Correlation Between Harmony Gold and Baldwin Insurance
Can any of the company-specific risk be diversified away by investing in both Harmony Gold and Baldwin Insurance at the same time? Although using a correlation coefficient on its own may not help to predict future stock returns, this module helps to understand the diversifiable risk of combining Harmony Gold and Baldwin Insurance into the same portfolio, which is an essential part of the fundamental portfolio management process.
By analyzing existing cross correlation between Harmony Gold Mining and The Baldwin Insurance, you can compare the effects of market volatilities on Harmony Gold and Baldwin Insurance and check how they will diversify away market risk if combined in the same portfolio for a given time horizon.
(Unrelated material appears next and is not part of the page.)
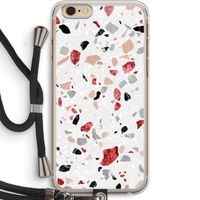 Terrazzo N°12: iPhone 6 PLUS / 6S PLUS Transparant Hoesje met koord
You can also utilize pair trading strategies of matching a long position in Harmony Gold with a short position of Baldwin Insurance. Check out your portfolio center. Please also check ongoing floating volatility patterns of Harmony Gold and Baldwin Insurance.
Diversification Opportunities for Harmony Gold and Baldwin Insurance
0.55 | Correlation Coefficient |
Very weak diversification
The 3 months correlation between Harmony and Baldwin is 0.55. Overlapping area represents the amount of risk that can be diversified away by holding Harmony Gold Mining and The Baldwin Insurance in the same portfolio, assuming nothing else is changed. The correlation between historical prices or returns on Baldwin Insurance and Harmony Gold is a relative statistical measure of the degree to which these equity instruments tend to move together. The correlation coefficient measures the extent to which returns on Harmony Gold Mining are associated (or correlated) with Baldwin Insurance. Values of the correlation coefficient range from -1 to +1, where. The correlation of zero (0) is possible when the price movement of Baldwin Insurance has no effect on the direction of Harmony Gold i.e., Harmony Gold and Baldwin Insurance go up and down completely randomly.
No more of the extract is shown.